There’s something exciting in Downtown Hays, an energy that is continuing to build. The holiday season kicked off with a bang in November with busy holiday open houses and Small Business Saturday weekends. At the beginning of December, a crowd of more than 400 joined us for the annual tree-lighting celebration with Santa and Mrs. Claus. They enjoyed carriage rides, free hot chocolate, Christmas carols and more before moving on to enjoy the Winter Art Walk and other holiday activities.

“Our downtown is a destination hub for all of western Kansas,” said Karen Dreiling, owner of the Furniture Look. “People come in from Great Bend, Scott City and Goodland because they know how much our downtown has to offer and the great variety they can find here.”

Downtown is keeping our community unique and relevant. Other cities across America have similar chain restaurants, grocery and department stores, but they don’t have the local eateries whose chef will come to make sure everything tastes OK or who works hard on keeping the menu one of a kind. They don’t have a jewelry store that will sell your boyfriend a custom ring just for you and supply him with a gift as well so you both get a little something. They don’t have the office supply store whose staff would drop everything for you to help you find the perfect shade of pink paper. They don’t have the gift store that knows you and even your significant other by name and who can pick out the perfect surprise for any occasion.
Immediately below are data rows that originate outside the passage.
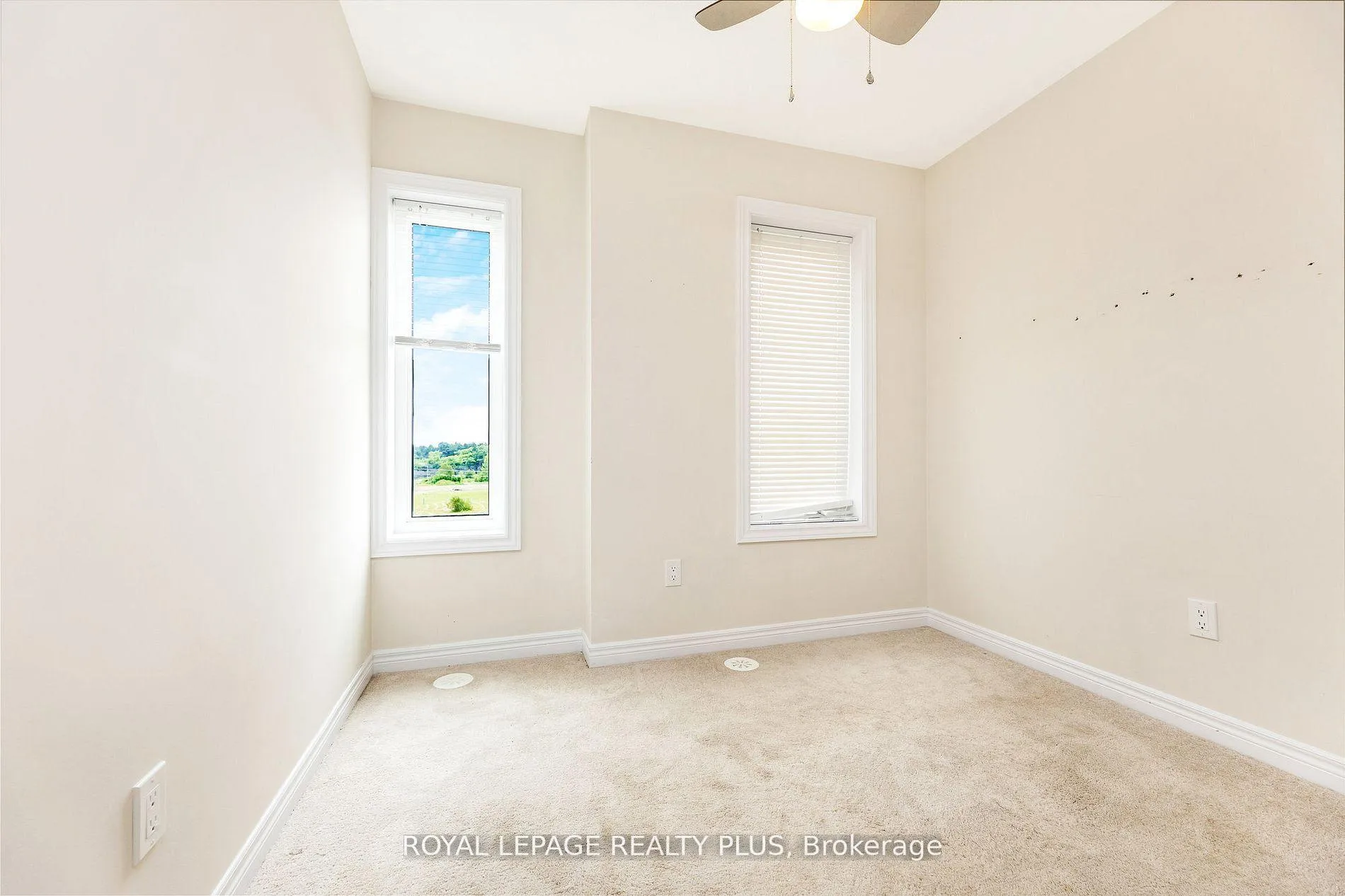 Photo 22 of Unit 1, 120 Watson Parkway N, Guelph, Grange Road — HOMEH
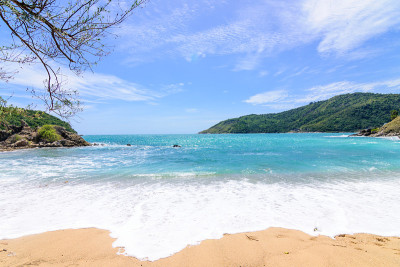 海滩上美丽的波浪，清澈的海水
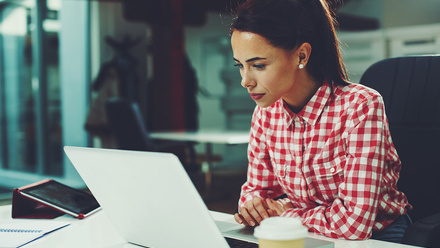 Laptop-working-office-137376851-web-1500px.jpg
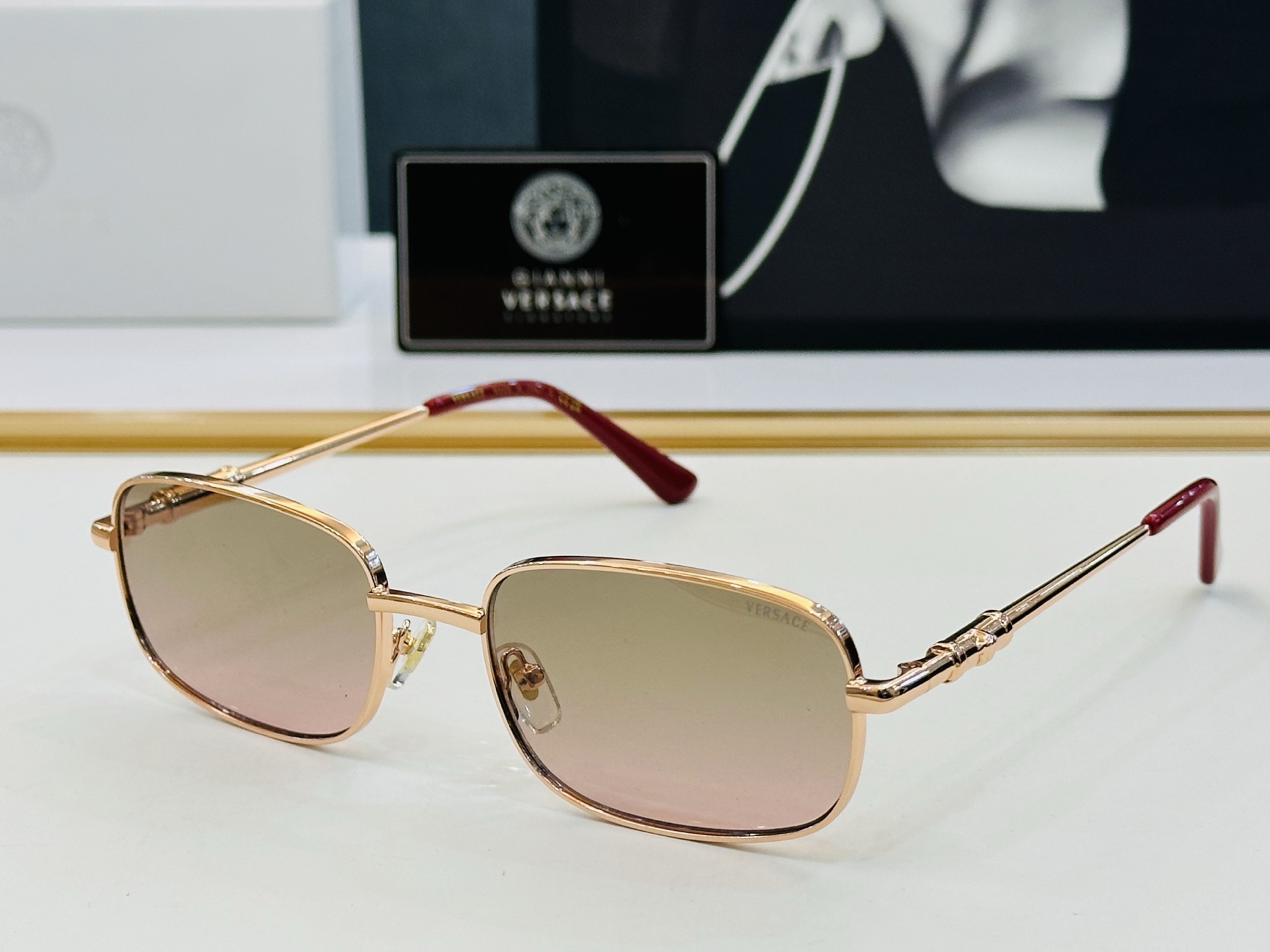❤️❤️范思家 VERSACE✨✨✨MODEL：X15  Size：57口19-143 ✨K 有范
These local businesses make Hays different from every other city in the world.

Our downtown is the most visible indicator of community pride and economic strength. It’s also a huge asset in the effort to recruit new residents, tourists and businesses. We need it to thrive, and it is. When you make personal investments in local businesses, you celebrate with them when they see success. You’re investing in the business, the owner and your community.

“A downtown with classic charm, unique businesses and local ownership are obviously the most popular and trending way to shop during the internet age,” said Dustin Roths, owner of Diamond R Jewelry. “Downtown offers you friendly faces to buy from and things you would never find online. We are destination shopping at its best, and with the many events going on downtown, our businesses are blessed with more foot traffic than a typical shopping center.”

Downtown Hays is also the visual and physical representation of our community’s history. The Chestnut Street District, the Historic Fort and the Ellis County Historical Society specifically tell the story of our past and shows the pride we have in our heritage.

Downtown is a gathering place. Somewhere you can come to just “be” and relax. Under construction right now at 10th and Main is an open-air pavilion. This project is a collaboration between Downtown Hays Development Corp., the City of Hays, Fort Hays State University and Commercial Builders. It is scheduled for completion in March, and at that point, will be gifted to the city so anyone can use it just like other public city shelters. It’s a beautiful structure we hope gets used for events, family reunions, performance art, musical productions and more.

“What I love most about Downtown Hays is we are all like family,” said Brianne Sultzer, co-owner of Refine Boutique. “We symbolize retailers, customers and friends. With so much happening in downtown, who wouldn’t want to bring their family here? We have so many unique places to shop, eat, see and visit that I welcome everyone to enjoy it firsthand and love it as much as I do.”

Development and new businesses will continue to bring life to our already wonderful downtown. They will continue to spur the energy that surrounds the area. I invite you to be a part of it. Remember to think and shop local first. Remember to support these businesses who support you, and invest personally in the community we all live in.

Sara Bloom is executive director of Downtown Hays Development Corp.